Information shown:
☆ ☆ ☆ ☆ ☆ ☆ ☆

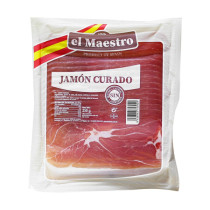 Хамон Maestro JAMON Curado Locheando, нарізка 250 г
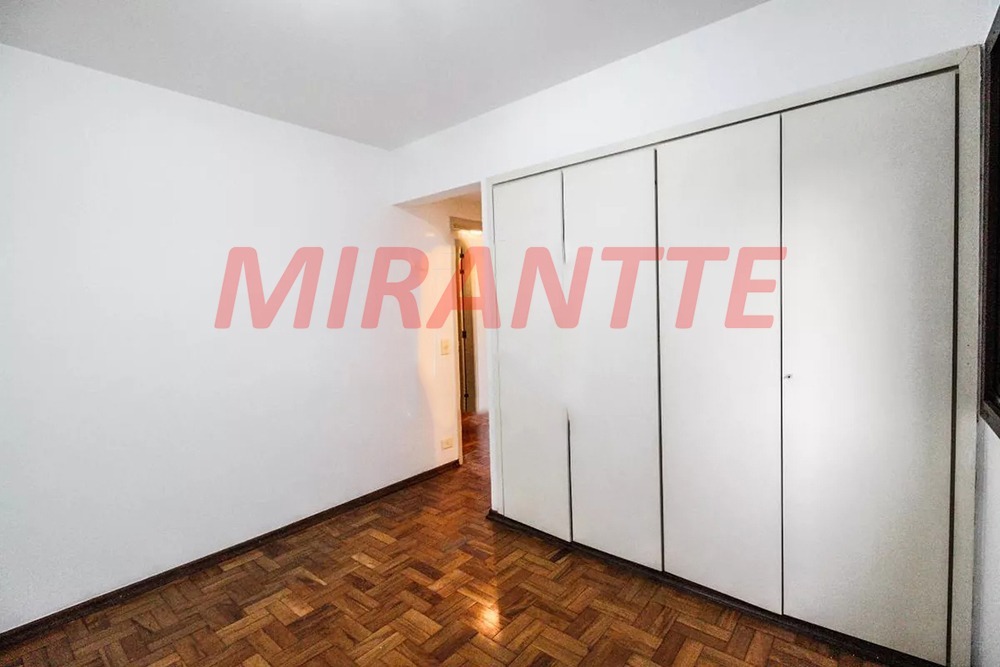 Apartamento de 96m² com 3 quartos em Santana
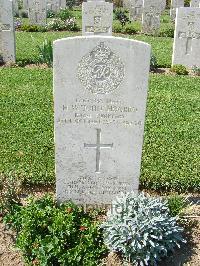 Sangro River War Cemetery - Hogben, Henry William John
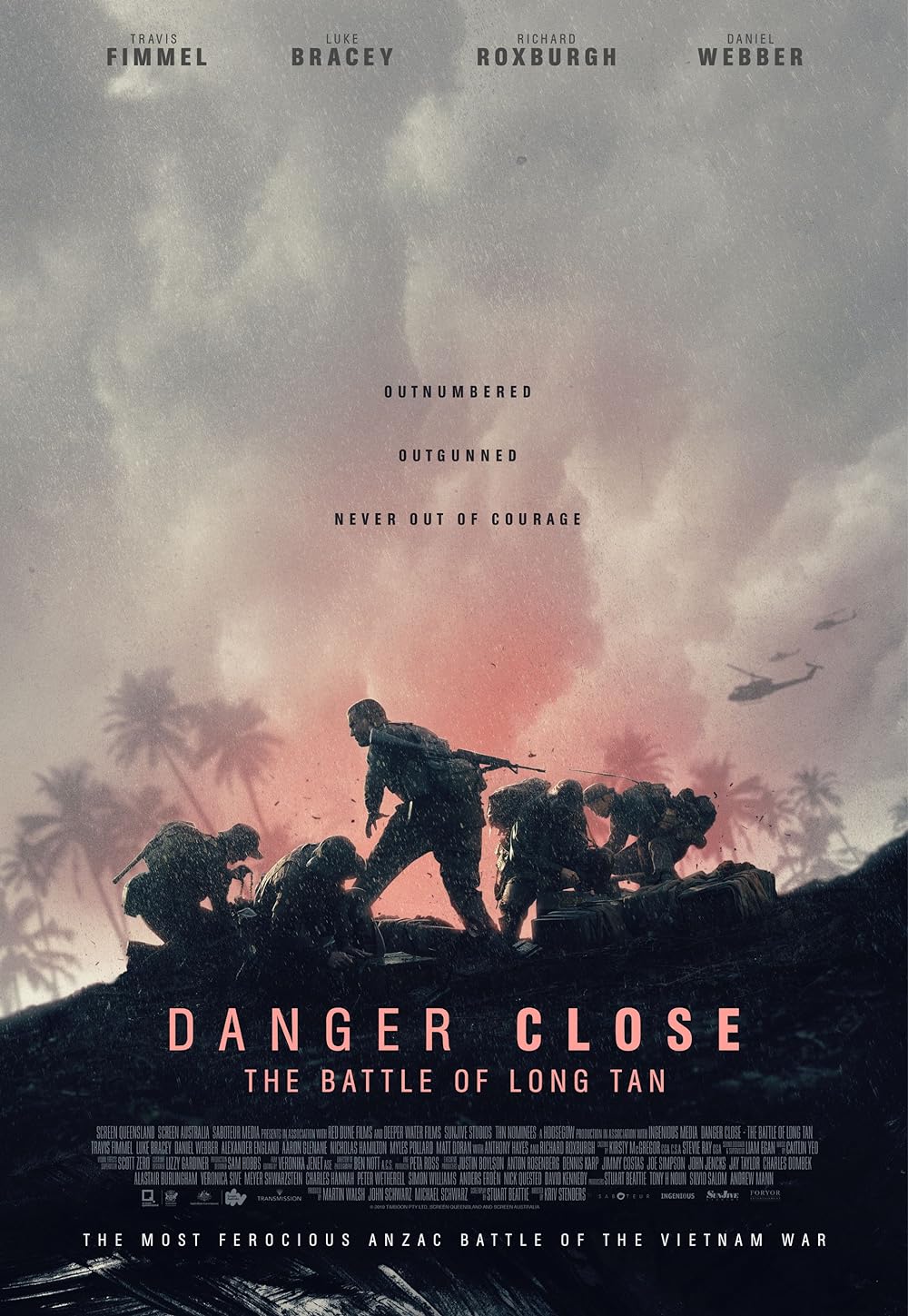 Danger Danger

☆ ☆ ☆ ☆ ☆ ☆ ☆

Every line above gets copied exactly; none of the pictures do.

 Хамон Maestro JAMON Curado Locheando, нарізка 250 г
 Apartamento de 96m² com 3 quartos em Santana
 Sangro River War Cemetery - Hogben, Henry William John
 Danger Danger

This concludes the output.